§ **Entries provided**
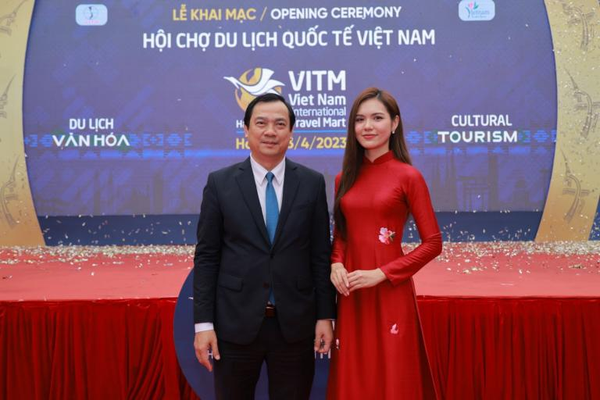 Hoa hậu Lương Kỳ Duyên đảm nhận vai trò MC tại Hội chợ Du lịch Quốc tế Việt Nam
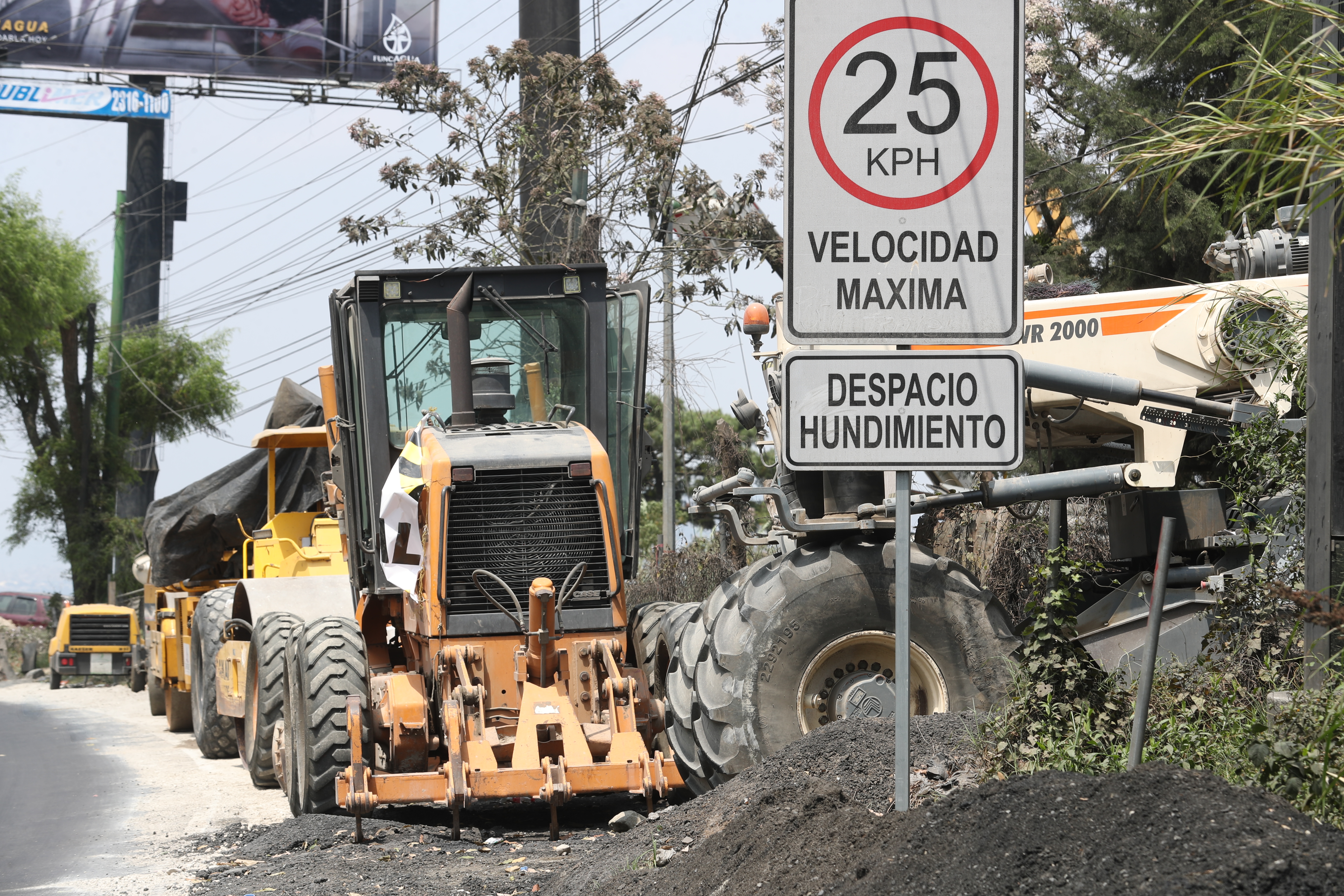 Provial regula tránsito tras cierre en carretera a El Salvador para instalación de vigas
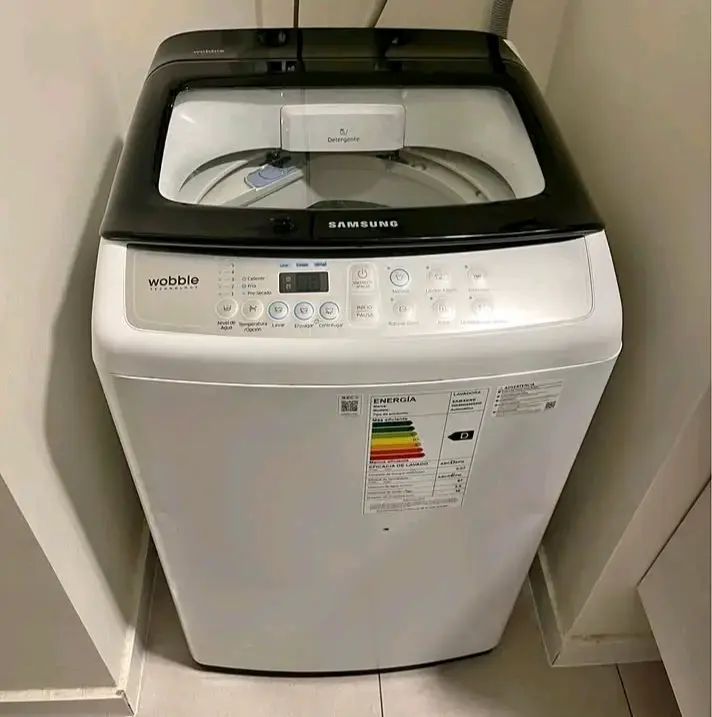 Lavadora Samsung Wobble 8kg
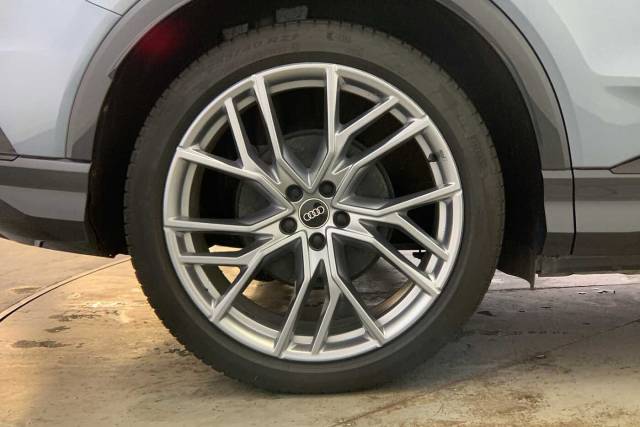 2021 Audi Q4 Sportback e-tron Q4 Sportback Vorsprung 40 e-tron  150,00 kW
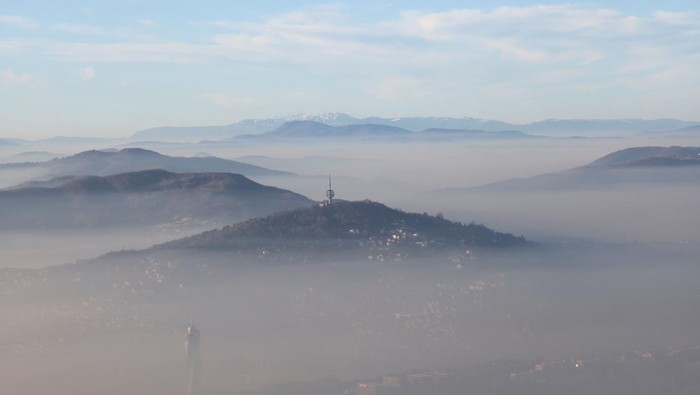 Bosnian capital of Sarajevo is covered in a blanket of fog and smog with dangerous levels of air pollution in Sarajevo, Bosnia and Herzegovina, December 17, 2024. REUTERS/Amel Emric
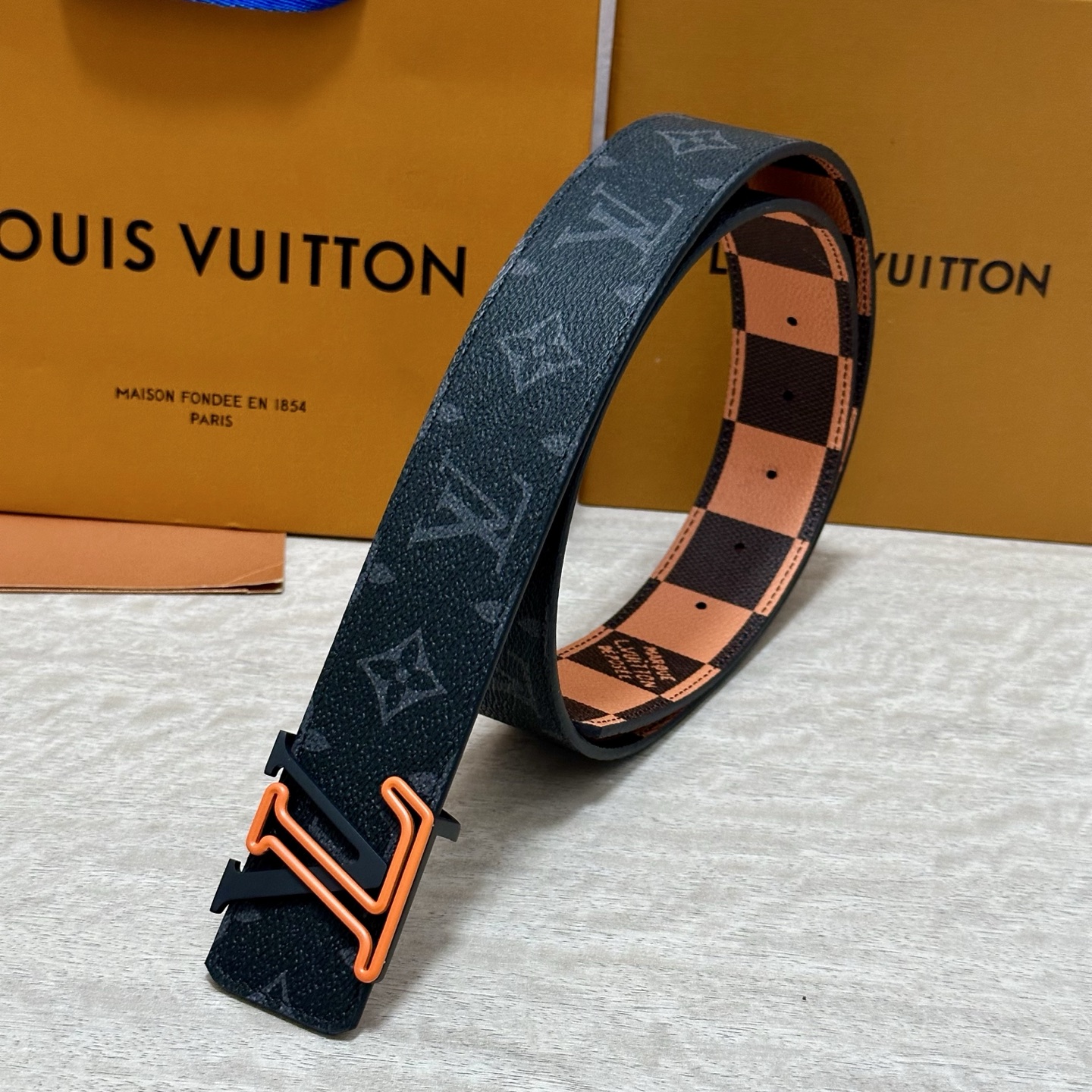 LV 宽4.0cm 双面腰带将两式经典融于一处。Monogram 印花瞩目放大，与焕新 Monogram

§ **Problem statement**
Only the lines from the one containing "Lavadora Samsung Wobble 8kg" through the end of the data above are to be output, exactly and without pictures.

§ **Result of the task**
 Lavadora Samsung Wobble 8kg
 2021 Audi Q4 Sportback e-tron Q4 Sportback Vorsprung 40 e-tron  150,00 kW
 Bosnian capital of Sarajevo is covered in a blanket of fog and smog with dangerous levels of air pollution in Sarajevo, Bosnia and Herzegovina, December 17, 2024. REUTERS/Amel Emric
 LV 宽4.0cm 双面腰带将两式经典融于一处。Monogram 印花瞩目放大，与焕新 Monogram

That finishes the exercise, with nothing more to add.